I submitted that bug that CSS2 Selector bug that I mentioned yesterday to Bugzilla. While creating a test page, I discovered it only occurs in quirks mode only occurs in quirks mode and with the :hover pseudoclass apparently (see additional testing w/ :focus added). But it’s still wrong, and not mentioned as something that should be handled differently according to the quirks list. Also, I submitted another bug related to the edit controls that I noticed while I was working on that, namely that the undo/redo buffers get cleared after a Javascript value change. Personally, I think this is a really big and annoying bug. A Javascript value change should be no different than any other typed change, and should definitely not be clearing the undo/redo bufers (for all the previous typed changes). IE works like you would expect it to. You can undo and changes, regardless if it were typed, or changed via JS. I’m hoping this is a simple bug to fix, like a ‘oh, we just won’t clear the buffer on a value change’ thing, but it might be slightly more complext than that to fix…
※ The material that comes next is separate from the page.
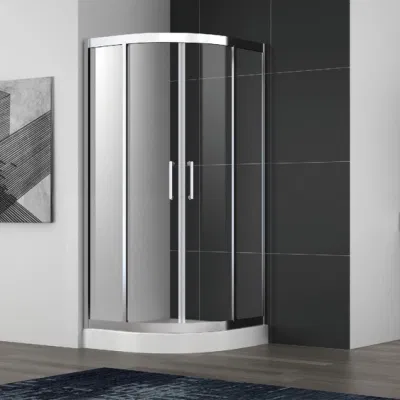 Porte de douche coulissante en acier inoxydable, avec cadre et doubles poignées, cabine de douche avec plateau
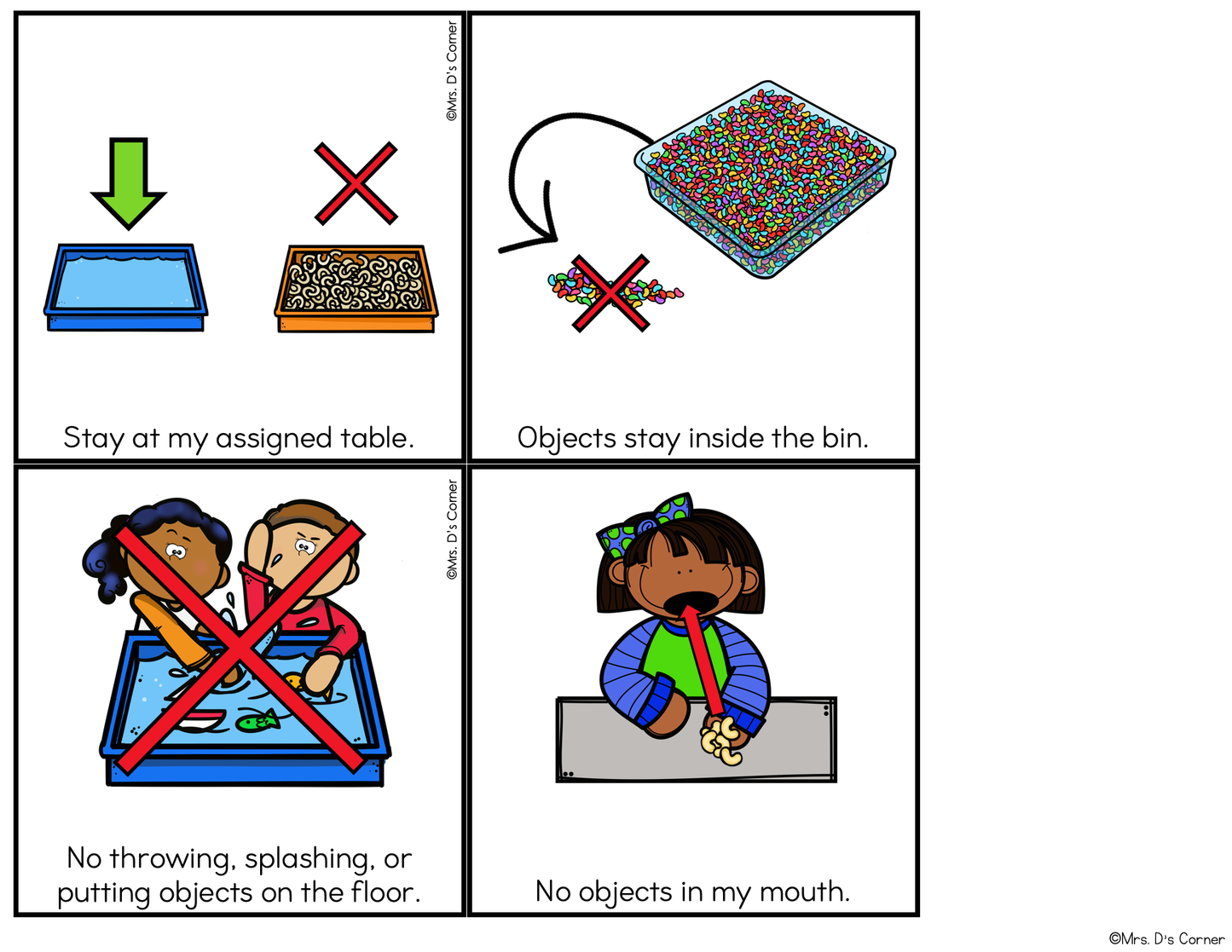 How to Use a Sensory Bin Social Story Booklet + Sensory Bin Rule Cards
While playing around with the undo/redo (which honestly, I hadn’t really paid that much attention to. If it works properly you shouldn’t have to notice it) I noticed that in some respects Mozilla is more advanced. With Mozilla, each text input has it’s own independent undo buffer, which it’s advantages, I suppose. IE shares the buffers. That does mean you can actually undo stuff in the order you typed, but it does jump you around. I guess it’s a wash on which way is more usable. Also, IE does a character by character undo, which while taking longer, does give you some more control. Mozilla’s undo removes entire blocks, each block being a contiguous change (marked off by deletions or changes in focus). Again, I’d probalby have to give some more thought about which implementation is ‘better’.